Monday, April 29, 2019

The Magical Antelope (Canyon)

During our year on the road we did several slot canyon hikes and I totally fell in love with them. There is something magical about squeezing through narrow, twisting sandstone channels sculpted by wind and water into fantastical shapes. Expansive vistas are grand, but there is something more intimate about a slot canyon. You don't just view the scenery, you experience it. And Antelope Canyon is a bucket list slot canyon. 

The canyon is situated on Navajo land and the only  way you can see it is with a guided tour. Normally that would be a turn off, but Antelope Canyon is so popular that without some regulation it would be mobbed. As it is, the most desirable time slots and tours can sell out months in advance!

There are two separate tours: Upper Antelope Canyon is where many of the iconic photographs are taken. If you time it right, stunning shafts of sunlight illuminate the sculpted walls. The tours are a little more expensive, but there’s an option for a longer photography tour. On the downside the traffic flow is two way and it is crowded.  Lower Antelope Canyon is a one-way hike through a twisted portion of the canyon that involves stairs and ladders.

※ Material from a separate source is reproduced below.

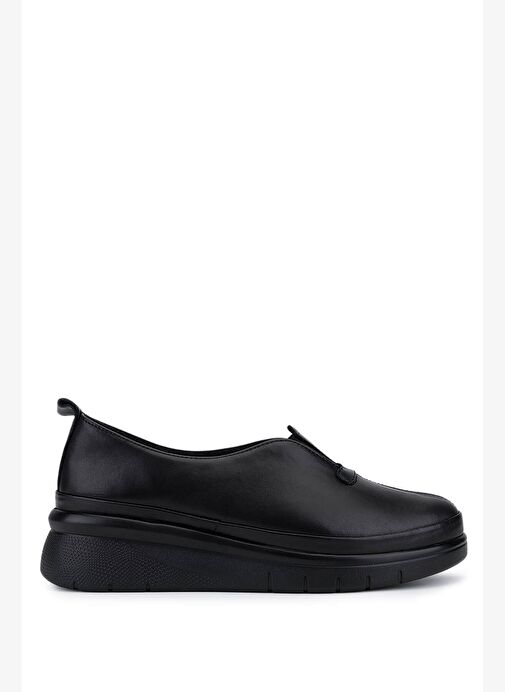 Tamer Tanca Kadın Hakiki Deri Siyah Deri Comfort Ayakkabı - Görsel 2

Reviews say it’s a little more casual and many folks who have done both liked it better.  Most important for us, we were able to get tickets to the Lower Antelope Canyon tour!


Fun Fact: The most expensive photograph ever sold was taken in Antelope Canyon by photographer Peter Lik. It reportedly sold to an anonymous bidder for $6.5 million. You’re getting all these gorgeous shots for free! What a deal. Lol.  

We arrived early on Sunday, 4/21, and checked in at Dixie Ellis Lower Antelope Canyon Tours. There are two tour operators for Lower Antelope and a different set of vendors for Upper Antelope.  The ticket times were staged about 15 minutes apart and there were probably 50-60 people lined up for our 9:15 time slot. My expectations were getting lower by the minute. However, only 10 people were assigned to each tour guide. Once we entered the canyon, the guides did a great job of keeping each group separate so everyone could get photos without hordes of tourists in every shot.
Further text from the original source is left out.